START GIVEN RECORDS
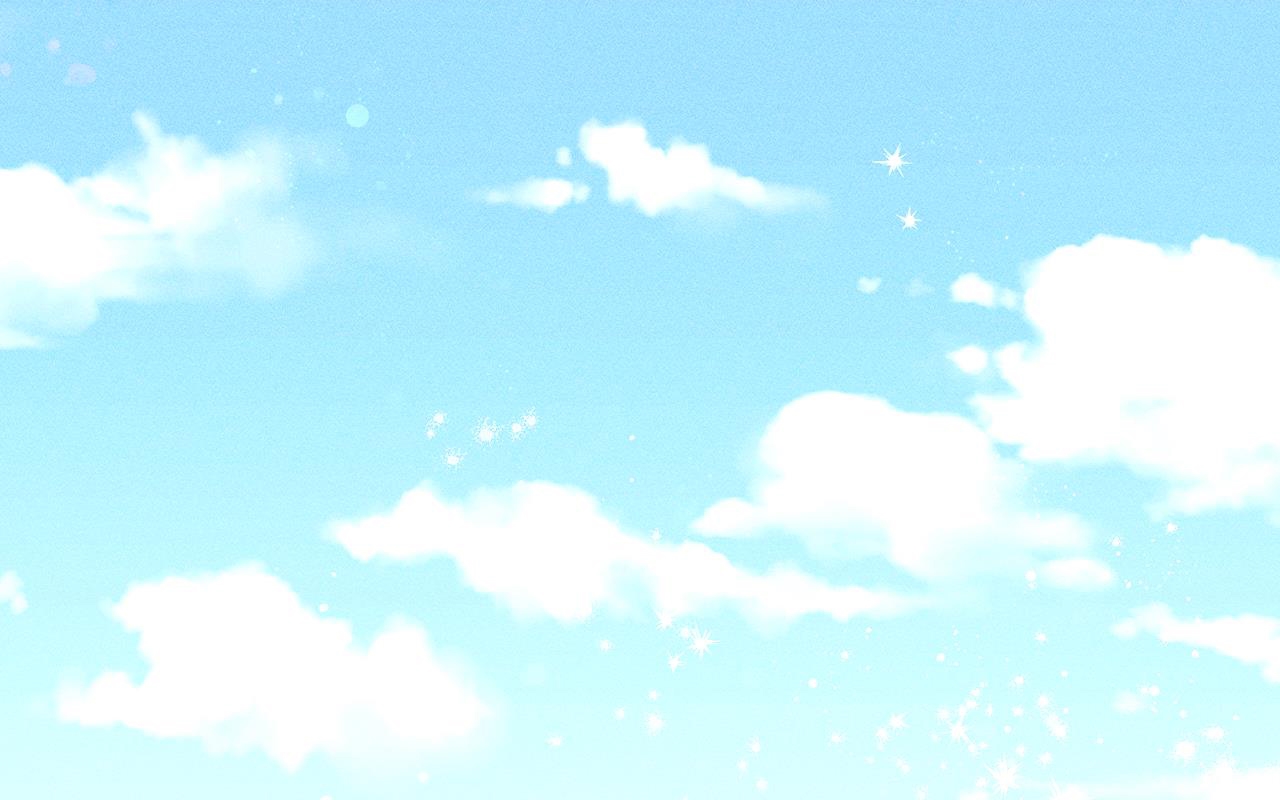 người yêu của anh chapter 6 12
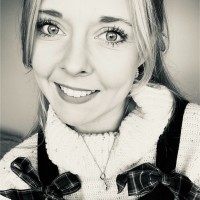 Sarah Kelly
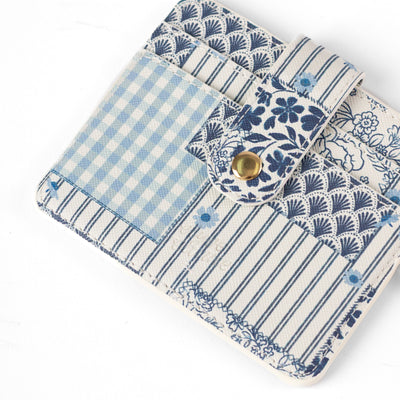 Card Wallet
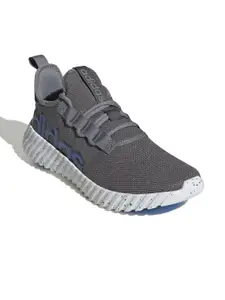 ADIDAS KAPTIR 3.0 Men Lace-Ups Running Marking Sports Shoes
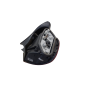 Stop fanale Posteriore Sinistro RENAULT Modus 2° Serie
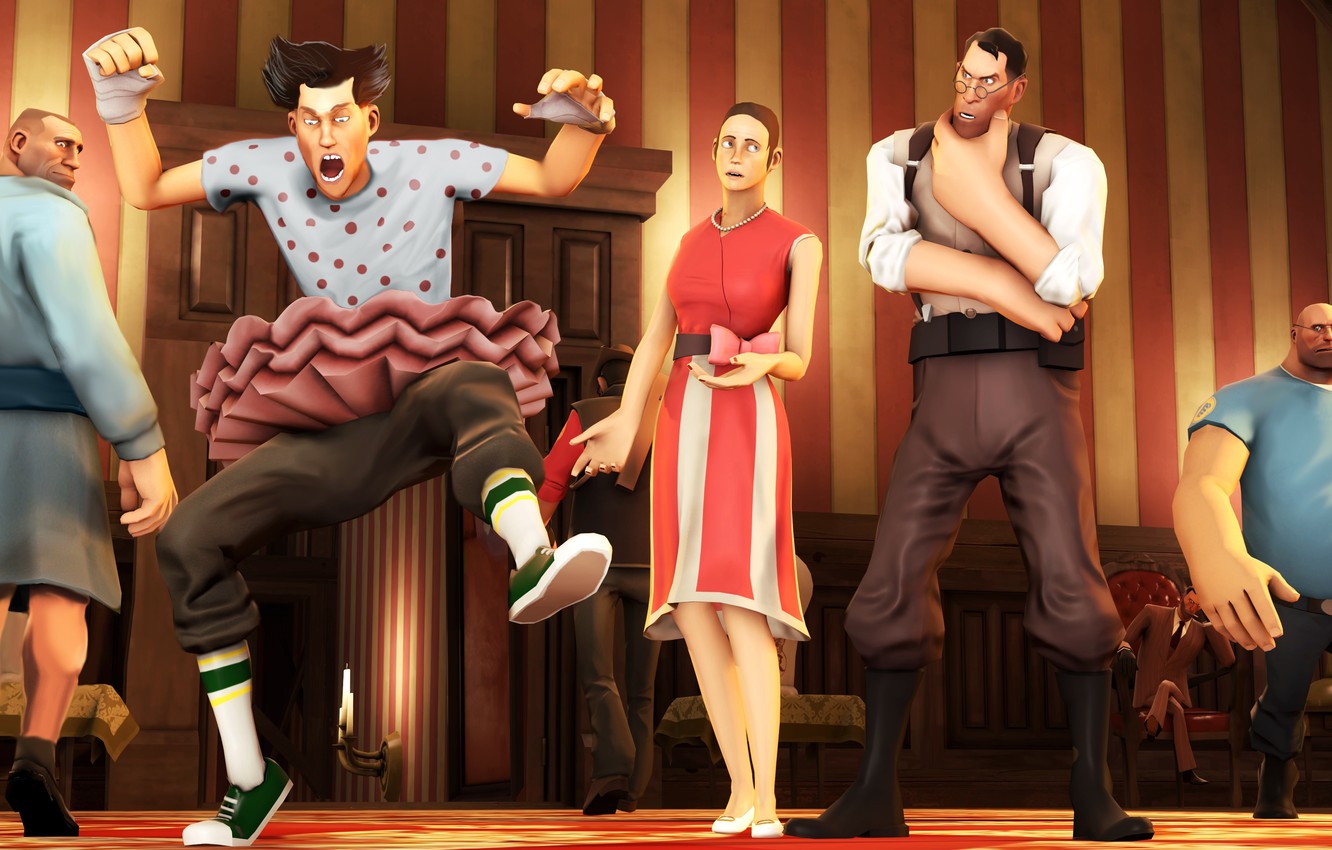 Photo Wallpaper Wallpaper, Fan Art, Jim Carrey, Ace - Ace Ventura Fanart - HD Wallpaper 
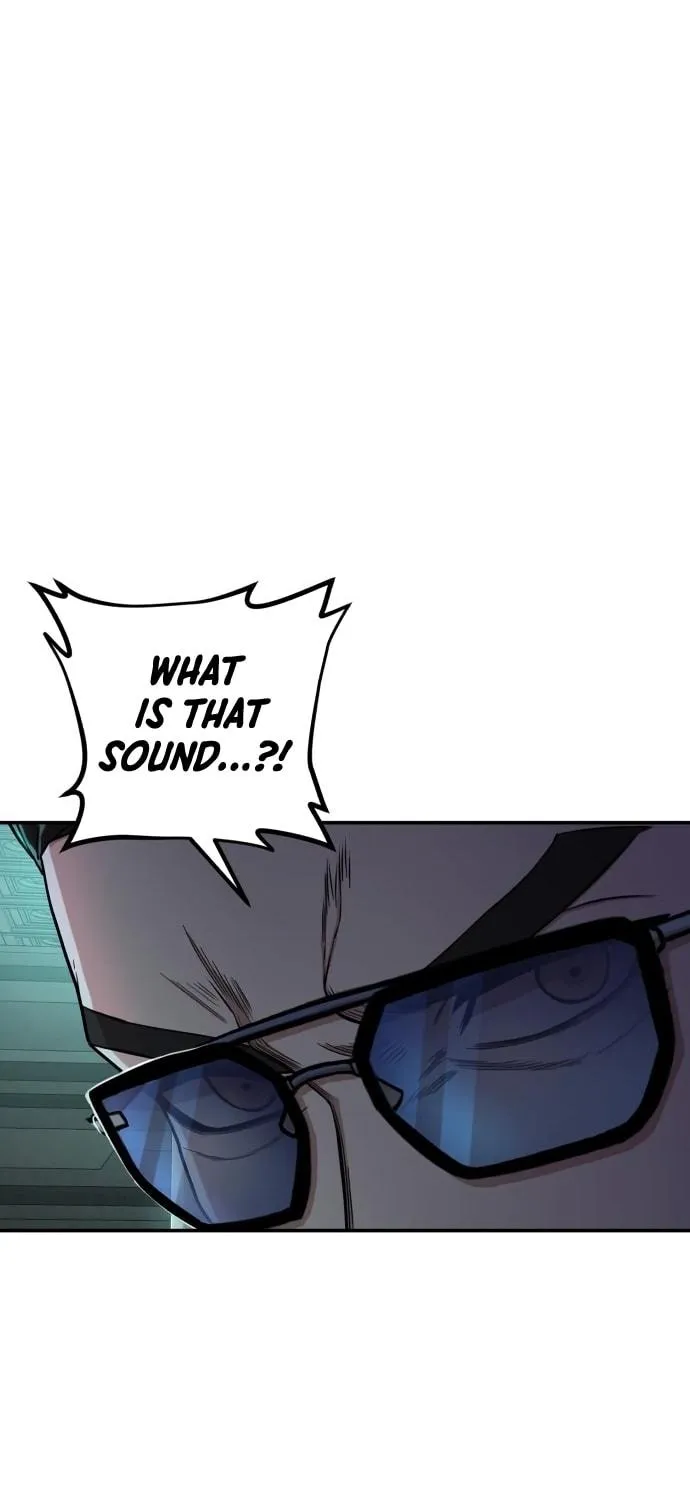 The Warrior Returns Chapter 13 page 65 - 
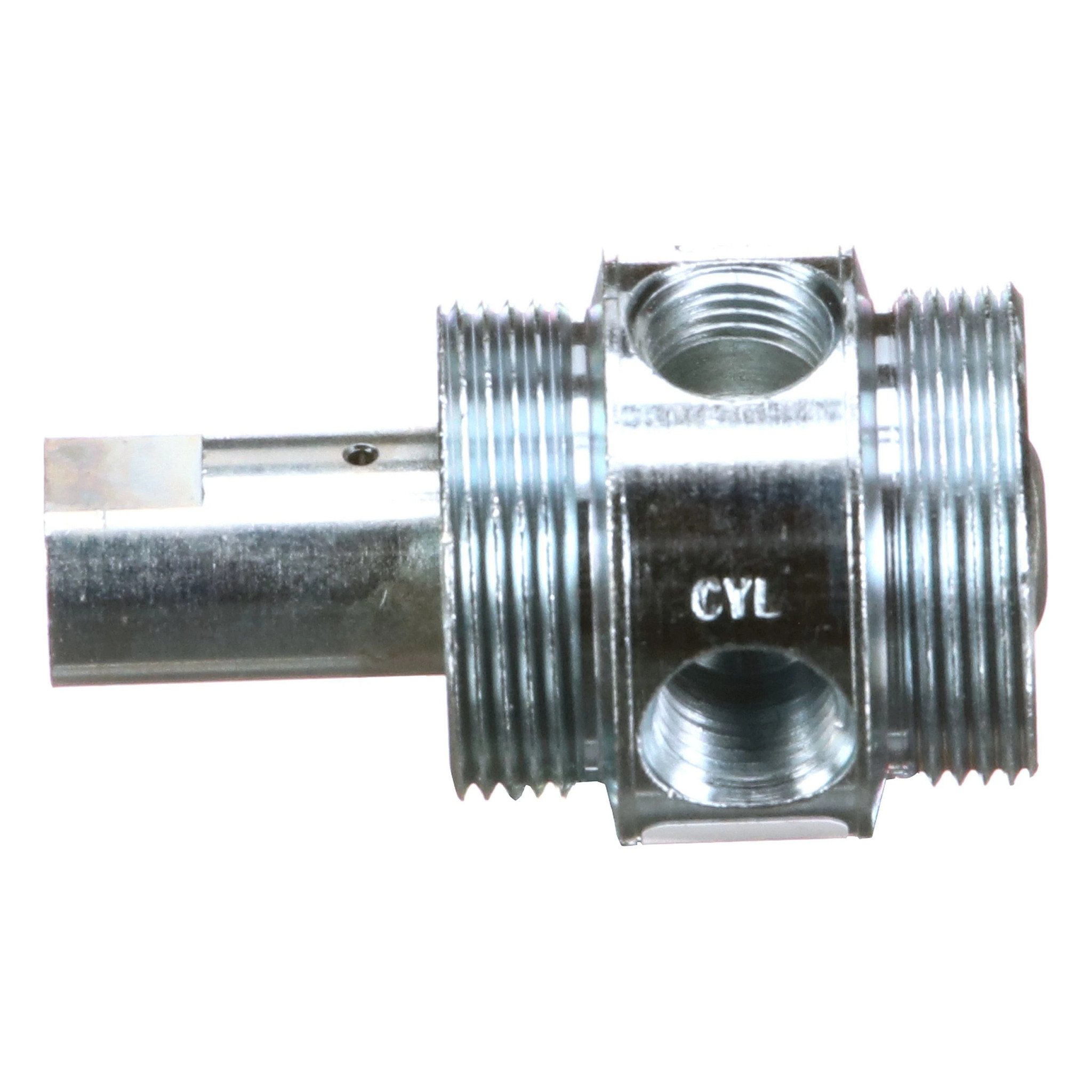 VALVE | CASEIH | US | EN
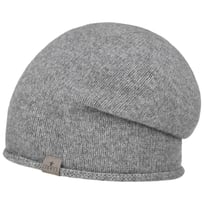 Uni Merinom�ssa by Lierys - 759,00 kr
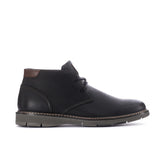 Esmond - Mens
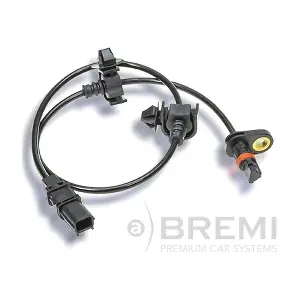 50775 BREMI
END GIVEN RECORDS
● TASK DIRECTIONS: Emit an exact copy of the lines from the line bearing "Card Wallet" through the last line above, inclusive, and leave the images out.

● ANSWER BOX:
 Card Wallet
 ADIDAS KAPTIR 3.0 Men Lace-Ups Running Marking Sports Shoes
 Stop fanale Posteriore Sinistro RENAULT Modus 2° Serie
 Photo Wallpaper Wallpaper, Fan Art, Jim Carrey, Ace - Ace Ventura Fanart - HD Wallpaper 
 The Warrior Returns Chapter 13 page 65 - 
 VALVE | CASEIH | US | EN
 Uni Merinom�ssa by Lierys - 759,00 kr
 Esmond - Mens
 50775 BREMI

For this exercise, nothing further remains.